*What is required*
Every record below must be retyped exactly, with the pictures left out.

*Data supplied*
----

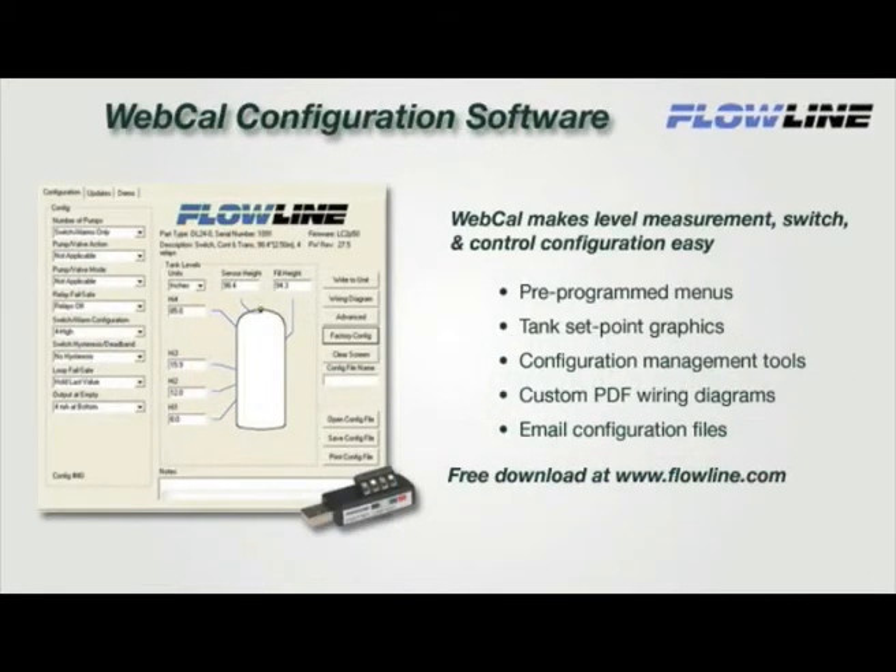WebCal makes level measurement, switch, and control configuration easy with preprogrammed menus, tank setpoint graphics, and configuration management tools. To configure EchoPod, create or open a saved configuration file and click Write to Unit. Then open your custom PDF wiring diagram and install. It's that simple. For more information on WebCal, or to download your copy, please visit our website at www.flowline.com.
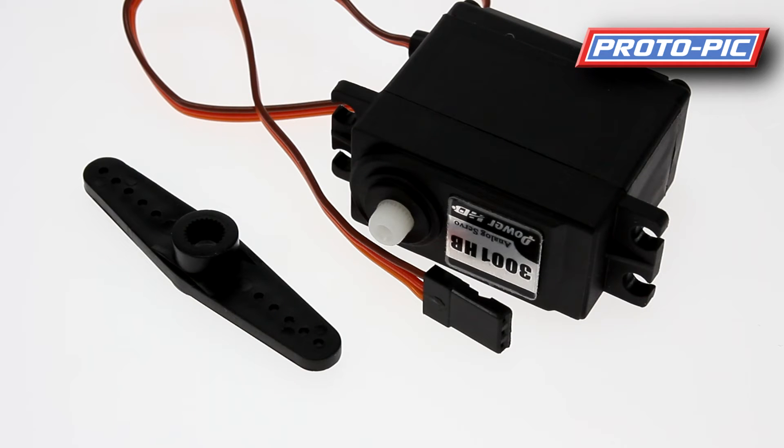A servo motor has a small board with a feedback circuit inside it. If you send the control signal — which is a PWM signal of a particular kind — to send it to a location, say 90 degrees, it would turn to 90 degrees. The internal sensor would then sense that it was at that position and switch the motor off. You'll also see an example of one of the horns. This is a straight-through horn with small holes drilled in for mounting control rods or screwing on an arm, enabling you to use it as an actuator for the outside world.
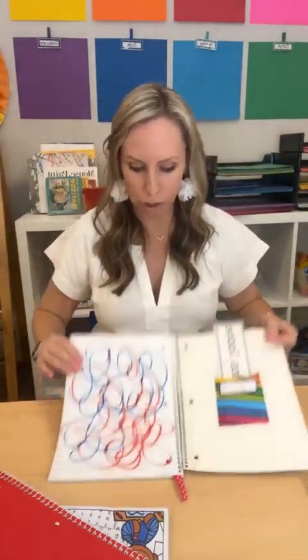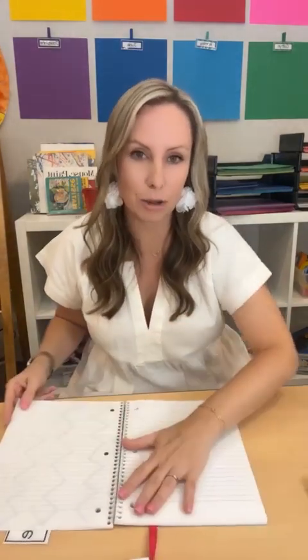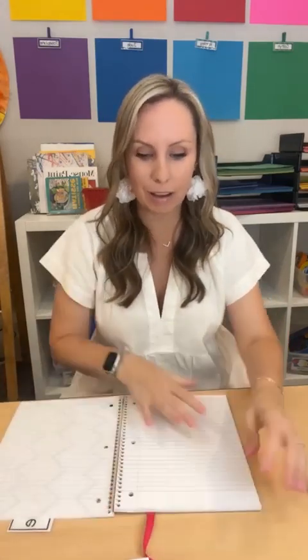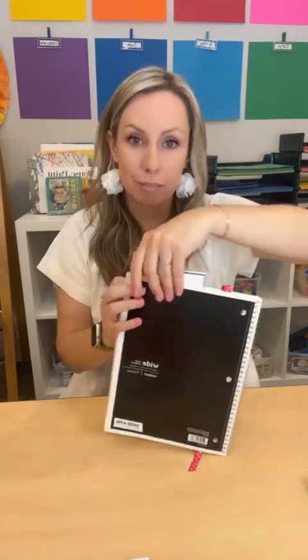Some teachers use ribbon as a bookmark — you tape it in the back and students pull the ribbon to open to the next page. When they're done, they put the ribbon in and close their notebook, ready for the next day. Some teachers also use binder clips, which work really great. Do what works for your classroom — some years ribbons, some years binder clips, some years you teach them to find the next page themselves.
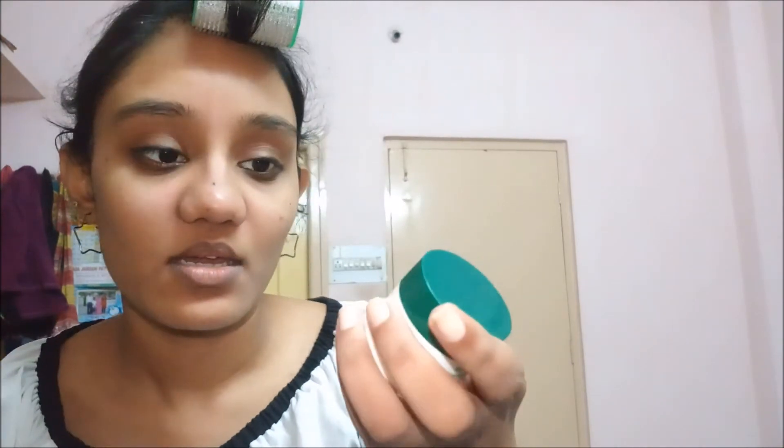The next step is the dark spot corrector. This is Face Magic Step Four — the magic dark spot corrector. I have a dark spot on my face so I'm going to apply this over that area. I have a doubt about whether I should wash my face after applying this one.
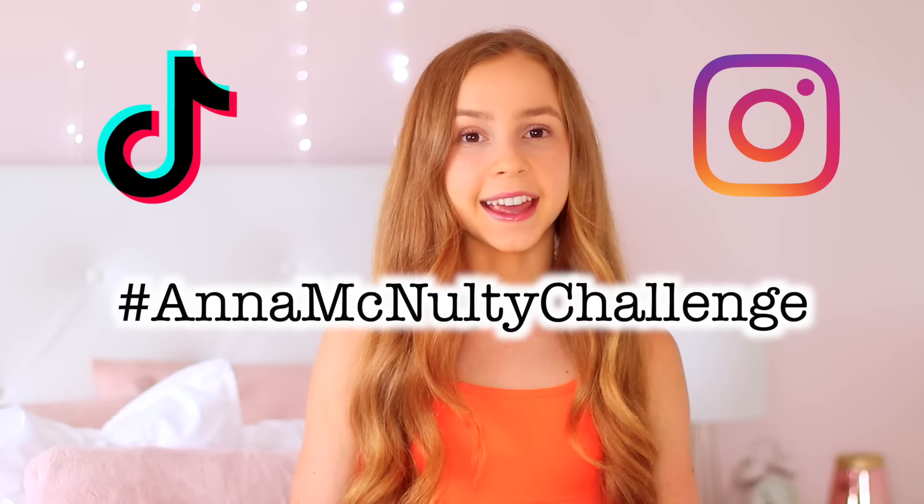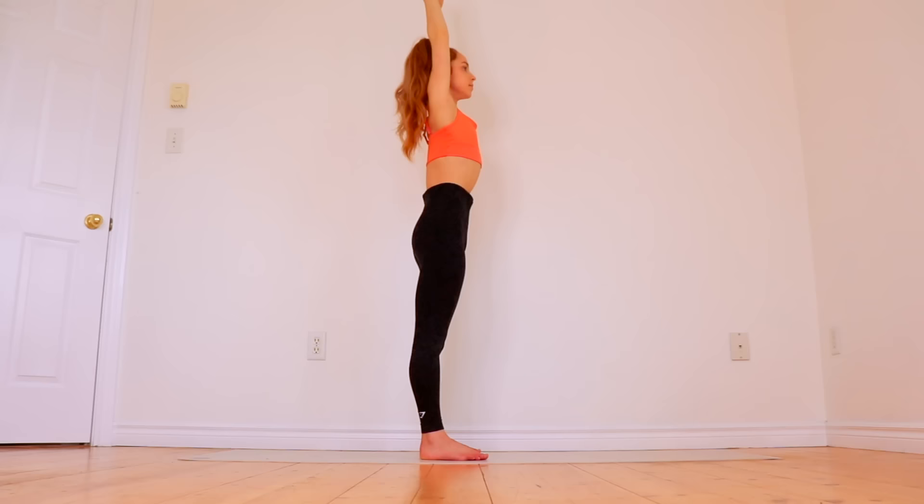Hey guys, it's Anna and in today's video we're going to be doing a stretch routine with the most effective stretches for getting your needle. Along with this routine I'm giving you guys a two week challenge, which is to follow along to this video daily for the two weeks. I've also created a playlist with seven of my other stretching routines that can also help you get closer to your needle. To share your results with me, use the hashtag annamcnultychallenge on TikTok or Instagram.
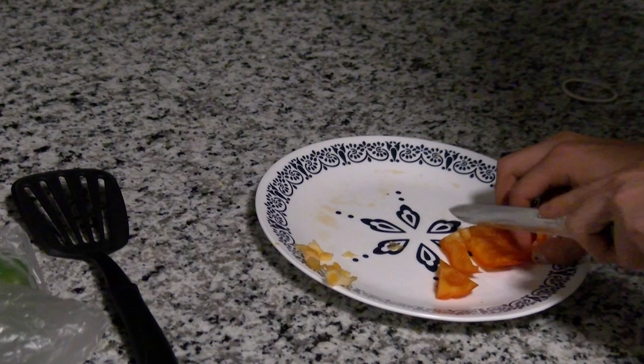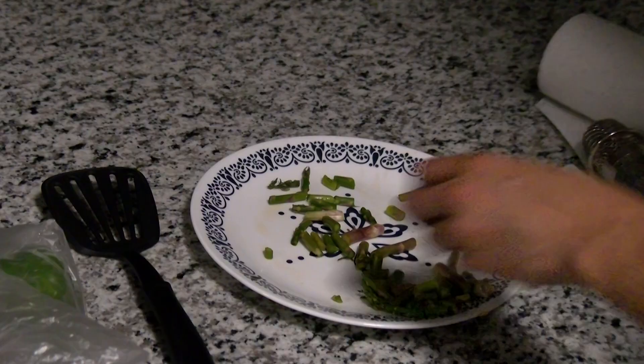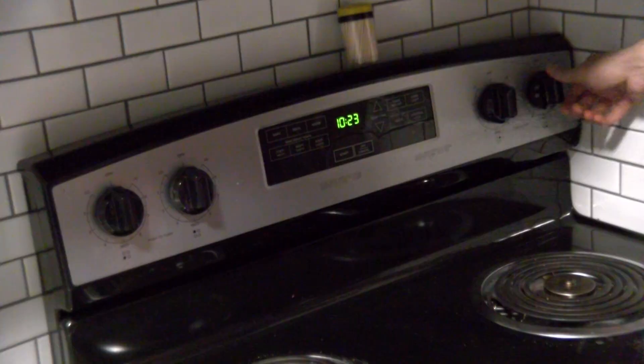Slicing food might be slightly intimidating at first. Just be sure to pay consistent attention and you will be fine. There's no need to try and go fast at all. I'm not the speediest at this either. Just take your time.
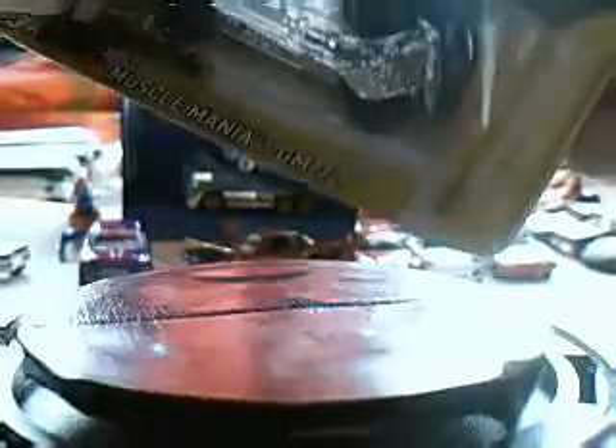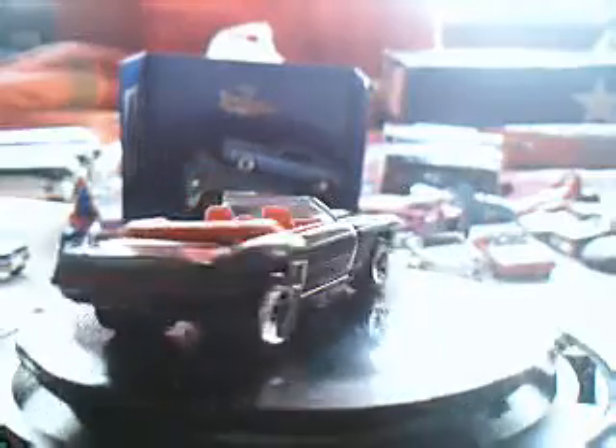Another one for me to open from Muscle Mania — it's the 69 Camaro Convertible. Very cool casting, very cool overall car. I will customize this one also — the wheels are a little off but it's okay. Very very very cool.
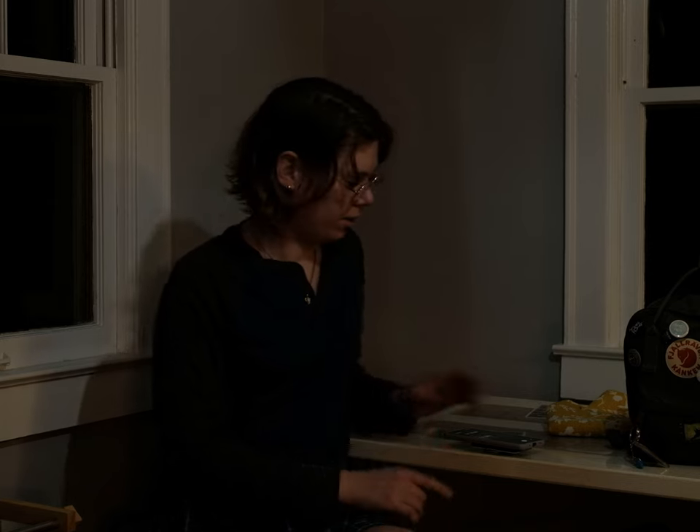If you're looking to pack light but still bring your witchcraft stuff, this is the video for you.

----

*Response to the exercise*
WebCal makes level measurement, switch, and control configuration easy with preprogrammed menus, tank setpoint graphics, and configuration management tools. To configure EchoPod, create or open a saved configuration file and click Write to Unit. Then open your custom PDF wiring diagram and install. It's that simple. For more information on WebCal, or to download your copy, please visit our website at www.flowline.com.
A servo motor has a small board with a feedback circuit inside it. If you send the control signal — which is a PWM signal of a particular kind — to send it to a location, say 90 degrees, it would turn to 90 degrees. The internal sensor would then sense that it was at that position and switch the motor off. You'll also see an example of one of the horns. This is a straight-through horn with small holes drilled in for mounting control rods or screwing on an arm, enabling you to use it as an actuator for the outside world.
Some teachers use ribbon as a bookmark — you tape it in the back and students pull the ribbon to open to the next page. When they're done, they put the ribbon in and close their notebook, ready for the next day. Some teachers also use binder clips, which work really great. Do what works for your classroom — some years ribbons, some years binder clips, some years you teach them to find the next page themselves.
The next step is the dark spot corrector. This is Face Magic Step Four — the magic dark spot corrector. I have a dark spot on my face so I'm going to apply this over that area. I have a doubt about whether I should wash my face after applying this one.
Hey guys, it's Anna and in today's video we're going to be doing a stretch routine with the most effective stretches for getting your needle. Along with this routine I'm giving you guys a two week challenge, which is to follow along to this video daily for the two weeks. I've also created a playlist with seven of my other stretching routines that can also help you get closer to your needle. To share your results with me, use the hashtag annamcnultychallenge on TikTok or Instagram.
Slicing food might be slightly intimidating at first. Just be sure to pay consistent attention and you will be fine. There's no need to try and go fast at all. I'm not the speediest at this either. Just take your time.
Another one for me to open from Muscle Mania — it's the 69 Camaro Convertible. Very cool casting, very cool overall car. I will customize this one also — the wheels are a little off but it's okay. Very very very cool.
If you're looking to pack light but still bring your witchcraft stuff, this is the video for you.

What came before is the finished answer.